Tercera píldora, indicada para ser leída tras una breve ojeada al álbum de fotos familiar.
PANDEMIA
No puedo afirmarlo con certeza, pero si hago caso a lo que dicen mis padres, que nunca mentirían sobre tan trascendental dato, nací el catorce de abril de mil novecientos setenta y tres, justo a tiempo de chafarles las vacaciones de Semana Santa. A eso se le llama precocidad.
A mi madre aún le gusta recordar los sufrimientos que le ocasionaron mis continuos lloros, tan continuos que durante mi primer año de vida sólo estuve un día sin llorar, el veinte de diciembre para ser exactos. Sí, ya sé, fue el día que liquidaron a Carrero Blanco pero, pueden creerme, se trata de una simple coincidencia, por más que a mi padre la circunstancia no le pasara desapercibida: “Habrá que matar a uno de esos cada día para que el niño se calle”, repetía a cada nuevo despliegue lacrimal. Por suerte, ningún familiar tomó la frase en sentido estricto, ahorrándome así el trauma de ser el causante directo del ingreso en el mundo del terrorismo de algún pariente cercano.

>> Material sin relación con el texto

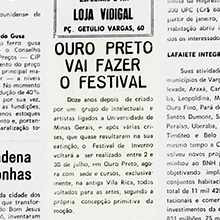 "Ouro Preto vai fazer o Festival", promete o jornal "Panorama do Vale", convidando seus leitores a participarem do evento.  Dividido nas áreas básicas de artes plásticas e música, o Festival oferece 285 vagas para candidatos de todo o país, além de 300 para o Festival Mirim. Miniatura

Al cumplir tres años dejé de llorar, y no volví a hacerlo hasta que me prohibieron hacer la primera comunión, al descubrir el anciano sacerdote de la parroquia un buen número de pareados guarros escritos con letra infantil en mi libro de catequesis. La causa de mis lágrimas no fue el verme excluido de tan horrible ceremonia; lo que de verdad me hundió fue perder la pasta que iba a conseguir a cambio de que toda la parentela pudiera verme hacer el ridículo vestido de marinerito, pasta que un servidor pensaba destinar a comprar todos los tebeos de Mortadelo y Filemón que aún no habían caído en sus ya afiladas garras.

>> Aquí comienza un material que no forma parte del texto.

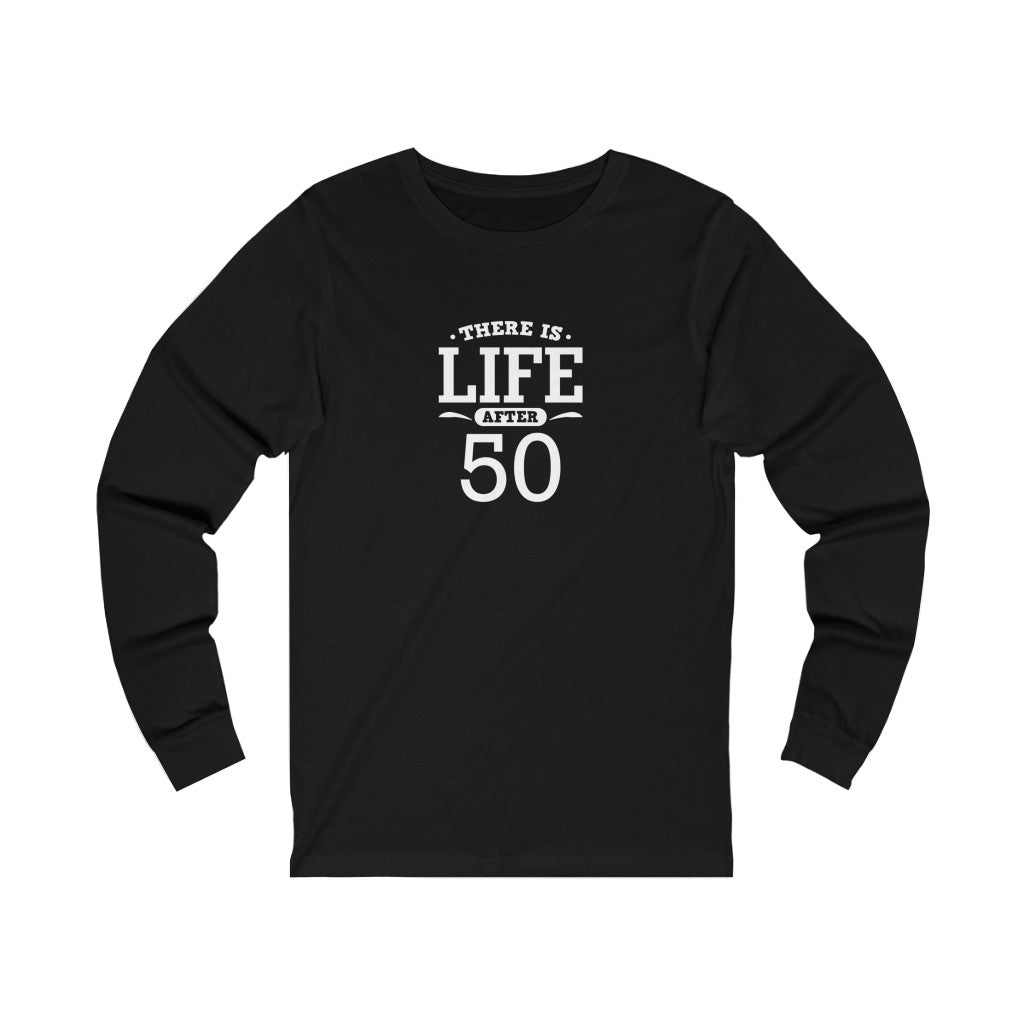 "There is Life After 50" 100% Cotton Long Sleeve Crew Neck T-Shirt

Del resto de mi existencia, tan austera en lágrimas como pródiga en desgracias, sólo diré que aún no he logrado hallar la manera de conseguir los tebeos sin hacer la comunión, extraña enfermedad que comparto con cientos de millones de seres humanos y para la que la ciencia, por el momento, no ha encontrado un remedio adecuado.